El día que perdí la paciencia.

Todos los padres y todas las madres pierden la paciencia en alguna ocasión. En varias ocasiones.
El estrés de la casa, las facturas, la crianza, el trabajo, los estudios y los problemas personales, entre otros mil factores hacen que a veces, estallemos.

 

Claudia Tremblay

 

Hace unos días, mis hijos tuvieron una tarde mala. Ese día estaban discutiendo absolutamente por todo. Yo intenté mediar en varios momentos, pero hacer de juez, jurado y verdugo constantemente es agotador.
Eran las 21:30 de la noche y aún estaba bañándolos, sumida en gritos y más gritos. Me dolía tremendamente la cabeza y llegó un momento en el que ya no pude más. Pegué un grito ininteligible y agarré a Diego, que era el que en ese momento no quería salir de la ducha. Perdí los nervios y con ellos el sentido del diálogo que tanto defiendo. En el momento en el que le estaba agarrando bruscamente, ya lo estaba soltando. Diego se quedó blanco. Yo me di la vuelta con los ojos llenos de lágrimas y miré a mi marido, que estaba vistiendo a Delia. Él me miró con compasión y yo le dije, «la he cagado».

No di opción a que nadie dijera nada. No quería ni que me contestara porque ya me estaba contestando yo interiormente. Me di la vuelta corriendo, y Diego seguía mirándome callado. Tenía en su mirada un sentimiento que no conseguía descifrar.
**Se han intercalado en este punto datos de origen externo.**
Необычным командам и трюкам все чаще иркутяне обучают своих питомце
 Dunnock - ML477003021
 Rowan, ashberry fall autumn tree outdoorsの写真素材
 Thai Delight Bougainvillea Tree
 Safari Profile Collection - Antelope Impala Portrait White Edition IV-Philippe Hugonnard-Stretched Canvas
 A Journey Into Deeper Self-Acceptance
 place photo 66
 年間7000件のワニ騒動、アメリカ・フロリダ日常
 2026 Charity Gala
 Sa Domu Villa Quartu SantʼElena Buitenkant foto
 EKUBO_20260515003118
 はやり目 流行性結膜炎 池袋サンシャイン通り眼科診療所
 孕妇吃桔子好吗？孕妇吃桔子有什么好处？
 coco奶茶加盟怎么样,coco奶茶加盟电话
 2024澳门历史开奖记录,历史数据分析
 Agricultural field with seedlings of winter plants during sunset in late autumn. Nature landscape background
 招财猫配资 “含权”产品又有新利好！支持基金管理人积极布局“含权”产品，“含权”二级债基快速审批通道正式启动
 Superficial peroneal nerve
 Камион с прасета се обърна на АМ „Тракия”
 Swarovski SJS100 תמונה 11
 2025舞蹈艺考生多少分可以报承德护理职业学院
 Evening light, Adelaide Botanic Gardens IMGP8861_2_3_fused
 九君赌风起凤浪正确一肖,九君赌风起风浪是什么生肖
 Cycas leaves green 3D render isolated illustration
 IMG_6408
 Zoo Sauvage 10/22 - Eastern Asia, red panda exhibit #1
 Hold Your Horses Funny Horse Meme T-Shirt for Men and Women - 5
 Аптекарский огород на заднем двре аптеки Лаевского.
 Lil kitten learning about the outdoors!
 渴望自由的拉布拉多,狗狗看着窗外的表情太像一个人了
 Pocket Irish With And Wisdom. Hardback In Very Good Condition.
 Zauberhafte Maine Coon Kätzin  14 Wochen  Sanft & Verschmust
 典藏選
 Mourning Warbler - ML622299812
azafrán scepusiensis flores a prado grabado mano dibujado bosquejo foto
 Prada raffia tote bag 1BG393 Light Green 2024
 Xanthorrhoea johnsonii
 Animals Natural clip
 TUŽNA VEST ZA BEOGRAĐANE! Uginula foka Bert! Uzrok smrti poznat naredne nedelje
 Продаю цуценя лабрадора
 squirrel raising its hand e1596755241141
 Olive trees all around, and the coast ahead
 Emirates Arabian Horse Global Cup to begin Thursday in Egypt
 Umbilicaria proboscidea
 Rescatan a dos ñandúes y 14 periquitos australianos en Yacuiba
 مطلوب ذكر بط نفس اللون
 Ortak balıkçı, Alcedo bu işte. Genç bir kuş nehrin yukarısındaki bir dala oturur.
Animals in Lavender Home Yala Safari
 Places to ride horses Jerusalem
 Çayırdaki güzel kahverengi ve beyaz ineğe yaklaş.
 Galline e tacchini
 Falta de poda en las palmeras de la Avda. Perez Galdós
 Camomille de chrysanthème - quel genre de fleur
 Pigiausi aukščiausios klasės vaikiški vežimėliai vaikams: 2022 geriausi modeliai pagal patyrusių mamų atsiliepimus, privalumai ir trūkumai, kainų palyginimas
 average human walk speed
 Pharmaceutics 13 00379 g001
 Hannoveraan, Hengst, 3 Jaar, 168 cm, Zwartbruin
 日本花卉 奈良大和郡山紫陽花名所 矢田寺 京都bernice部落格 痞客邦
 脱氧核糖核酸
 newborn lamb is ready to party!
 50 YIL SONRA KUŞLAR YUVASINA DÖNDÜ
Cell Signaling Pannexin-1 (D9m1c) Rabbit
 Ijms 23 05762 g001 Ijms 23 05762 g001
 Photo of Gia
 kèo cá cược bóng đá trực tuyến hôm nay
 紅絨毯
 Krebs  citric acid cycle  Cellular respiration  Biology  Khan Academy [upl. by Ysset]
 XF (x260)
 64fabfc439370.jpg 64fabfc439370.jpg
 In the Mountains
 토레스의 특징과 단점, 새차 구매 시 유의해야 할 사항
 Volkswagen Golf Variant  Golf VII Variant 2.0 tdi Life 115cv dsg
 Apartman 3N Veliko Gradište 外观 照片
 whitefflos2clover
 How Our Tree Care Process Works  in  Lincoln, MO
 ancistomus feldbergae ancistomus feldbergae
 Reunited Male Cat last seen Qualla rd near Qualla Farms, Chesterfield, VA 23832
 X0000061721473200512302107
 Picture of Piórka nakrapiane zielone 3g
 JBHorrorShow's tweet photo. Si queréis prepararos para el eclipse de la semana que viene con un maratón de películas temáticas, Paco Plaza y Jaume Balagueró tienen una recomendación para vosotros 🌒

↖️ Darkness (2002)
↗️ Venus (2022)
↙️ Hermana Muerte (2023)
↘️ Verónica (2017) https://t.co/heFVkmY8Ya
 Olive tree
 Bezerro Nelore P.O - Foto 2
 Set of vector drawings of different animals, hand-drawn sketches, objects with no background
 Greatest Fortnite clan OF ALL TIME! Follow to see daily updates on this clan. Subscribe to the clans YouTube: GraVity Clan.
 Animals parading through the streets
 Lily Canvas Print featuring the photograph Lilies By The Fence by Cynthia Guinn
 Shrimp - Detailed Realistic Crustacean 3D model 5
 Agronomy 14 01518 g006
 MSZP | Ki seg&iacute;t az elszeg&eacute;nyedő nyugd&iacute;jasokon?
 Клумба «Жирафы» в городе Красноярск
Me agaché, y él me abrazó.
Le pedí perdón y le dije que la violencia nunca está justificada, ni siquiera la mía.
Y entonces él me también me pidió perdón por haber tenido un día malo y me dijo algo realmente conmovedor que me voy a guardar para mí.

 

He perdido la paciencia en varias ocasiones, y sé que esta vez no va a ser la última por desgracia. Pero lo sé, soy consciente de ello y por eso intento evitar reacciones así siempre.

Cuando crías a tus hijos libres de violencia física y verbal, en cierto modo también te crías a ti mismo.
Yo fui educada en un entorno violento y tuve un desarrollo violento.
No culpo a mis padres. Ya no.
Entiendo que no tuvieron las herramientas y los recursos necesarios para hacerlo mejor.
Y viví mucho tiempo con rencor. No era capaz de entender algunas cosas, entre ellas que no dieran cabida a que se podían estar equivocando.
Recuerdo pensar que eran una especie de Dioses que tenían la verdad absoluta de todo. Si ellos decían que era blanco y yo cuestionaba que podía ser negro, siempre acababa pensando que la que seguro que se estaba equivocando era yo, aunque no fuera así.

Y hoy sé que sí que era negro, y ellos también lo han aprendido ahora, que me ven educar a mis hijos de una forma totalmente diferente a la que me educaron a mí.

El caso es que cuando mis hijos me vieron proclamándome humana, fallando y pidiendo perdón, también aprendieron de humanidad y sentido común.

No soy perfecta, y quiero que ellos crezcan sabiendo eso. Que cuestionen nuestras acciones para que así aprendan los por qués.

Cuestionar no es malo, si tenemos razón, estamos seguros de nuestras acciones y se lo explicamos, aprenden ellos, si por el contrario nos estamos equivocando y nos lo hacen ver, aprendemos juntos.